--- What to work on ---
Take the line that contains "KPU Denpasar menyerahkan" in the data below and each line after it, through the last, and repeat them unchanged.

[Data provided — start]

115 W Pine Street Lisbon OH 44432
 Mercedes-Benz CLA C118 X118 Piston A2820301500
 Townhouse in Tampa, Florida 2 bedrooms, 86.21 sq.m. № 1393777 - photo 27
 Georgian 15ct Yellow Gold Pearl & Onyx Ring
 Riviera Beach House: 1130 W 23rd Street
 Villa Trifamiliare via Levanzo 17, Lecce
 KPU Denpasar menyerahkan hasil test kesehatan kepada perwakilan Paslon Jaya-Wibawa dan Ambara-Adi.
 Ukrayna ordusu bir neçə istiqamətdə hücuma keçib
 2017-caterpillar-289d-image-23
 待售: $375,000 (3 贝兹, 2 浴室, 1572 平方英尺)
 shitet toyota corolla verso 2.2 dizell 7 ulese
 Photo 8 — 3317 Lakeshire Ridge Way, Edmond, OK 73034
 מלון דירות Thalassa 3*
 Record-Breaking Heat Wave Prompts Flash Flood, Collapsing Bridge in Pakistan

[Data provided — finish]

--- Answer to this exercise ---
 KPU Denpasar menyerahkan hasil test kesehatan kepada perwakilan Paslon Jaya-Wibawa dan Ambara-Adi.
 Ukrayna ordusu bir neçə istiqamətdə hücuma keçib
 2017-caterpillar-289d-image-23
 待售: $375,000 (3 贝兹, 2 浴室, 1572 平方英尺)
 shitet toyota corolla verso 2.2 dizell 7 ulese
 Photo 8 — 3317 Lakeshire Ridge Way, Edmond, OK 73034
 מלון דירות Thalassa 3*
 Record-Breaking Heat Wave Prompts Flash Flood, Collapsing Bridge in Pakistan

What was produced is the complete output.